3. Les propositions de la CGT
Face à ce constat, la CGT avance des contre-propositions structurées autour du retour à la retraite à 60 ans :
- Pénibilité : mise en place d’un véritable système de départ anticipé. Elle cite en exemple l’accord obtenu à la SNCF (3 ans d’anticipation, fin de carrière aménagée) comme modèle à généraliser.
- Jeunesse : validation des années d’études pour le calcul de la retraite afin de redonner confiance aux jeunes générations dans le système par répartition.
- Financement : rejet de l’argument de la faillite financière (démenti par la réaction positive des marchés boursiers). La CGT propose d’augmenter légèrement les cotisations (« part des richesses captée pour financer le capital ») pour financer le système, assumant une hausse des prélèvements obligatoires comme un levier de progrès social.
4. Critique des alternatives « libérales »
L’intervention s’attaque frontalement à deux idées reçues ou solutions alternatives souvent évoquées :
- Contre la capitalisation : la CGT rejette l’épargne retraite individuelle, jugée coûteuse pour les finances publiques (niches fiscales), risquée (volatilité des marchés) et inefficace (exemple du régime RAFP des fonctionnaires). Pour la CGT, la capitalisation ne sert qu’à ouvrir des marchés aux banques et assureurs.
- Contre la « liberté » de partir : Sophie Binet dénonce la rhétorique du choix individuel de l’âge de départ, qui, sans droits collectifs forts, ne serait qu’une « liberté » de partir avec une pension de misère.
5. Stratégie politique et appel à l’action
- Méthode : la CGT ne cherche pas un consensus mou mais un « relevé de désaccords » clair au sein du CESE.
- Référendum : proposition majeure de l’intervention : que les organisations syndicales puissent proposer un sujet de référendum à l’issue de la conférence, pour permettre aux Français de trancher directement la question des retraites, évitant ainsi que le sujet ne soit noyé dans les débats de la présidentielle de 2027.
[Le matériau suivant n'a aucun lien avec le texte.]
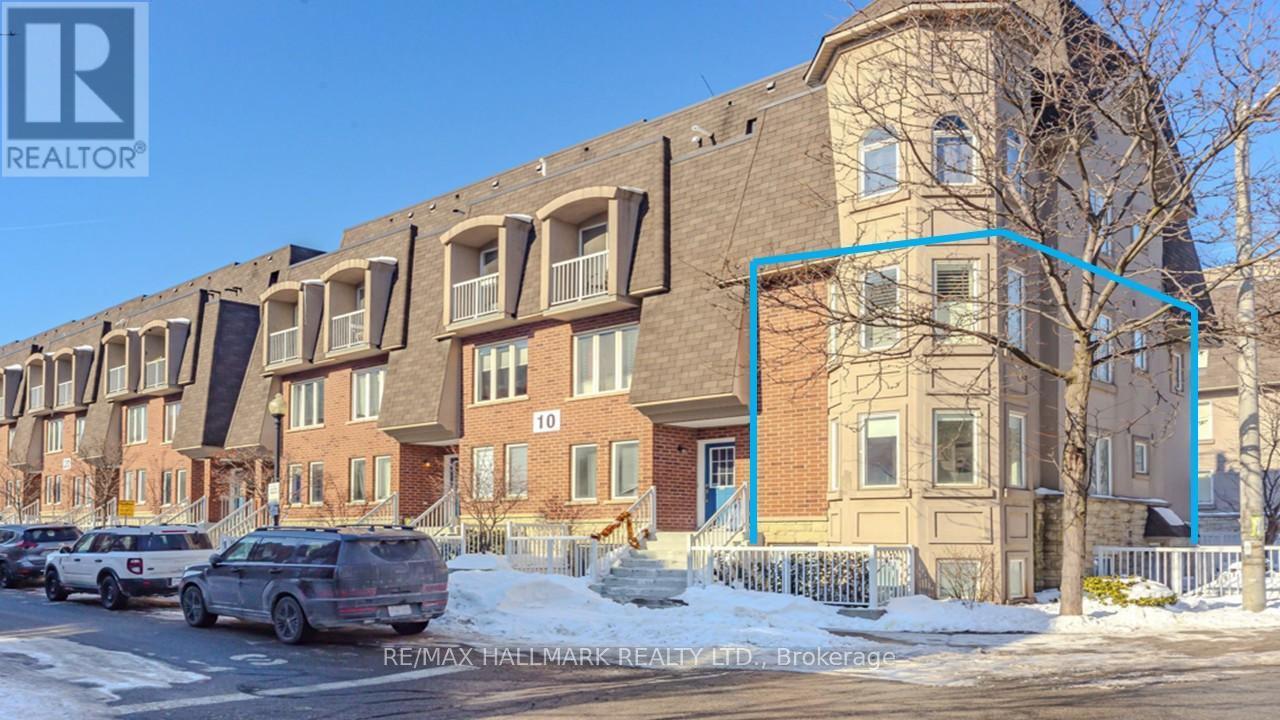 MLS® listing #29428825 for sale located at 101 - 10 TURNTABLE CRESCENT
- Défense de la Sécurité Sociale : appel solennel au Ministre du Travail pour qu’il défende le système par répartition (« trésor national ») plutôt que d’adopter une posture « agnostique » ou gestionnaire.
Synthèse
L’intervention de Sophie Binet vise à délégitimer la réforme en cours par ses conséquences sociales concrètes (chômage des seniors) et à repolitiser le débat en opposant deux choix de société : la capitalisation/individualisation contre la répartition/solidarité. La stratégie finale repose sur l’appel au peuple (référendum) pour contourner le blocage politique.